### EXERCISE REQUIREMENTS
Wherever pictures appear in the listing below, leave them out, and copy exactly, and only, everything from the line with "Amsterdam 23 mei 2018" down to the line with "Mike Libanon met blote voeten op de fiets.".

### PROVIDED RECORDS
::::

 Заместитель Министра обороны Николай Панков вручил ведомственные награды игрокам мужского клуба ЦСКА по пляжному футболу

::::

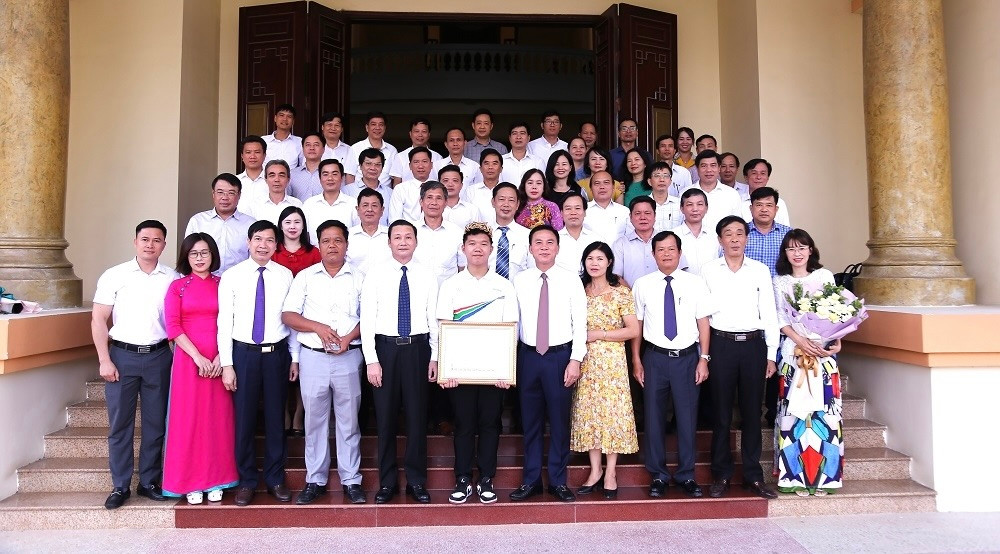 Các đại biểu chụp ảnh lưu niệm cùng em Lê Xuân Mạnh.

::::

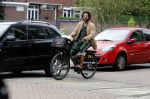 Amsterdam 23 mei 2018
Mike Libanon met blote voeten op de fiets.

::::

### TASK ANSWER
 Amsterdam 23 mei 2018
Mike Libanon met blote voeten op de fiets.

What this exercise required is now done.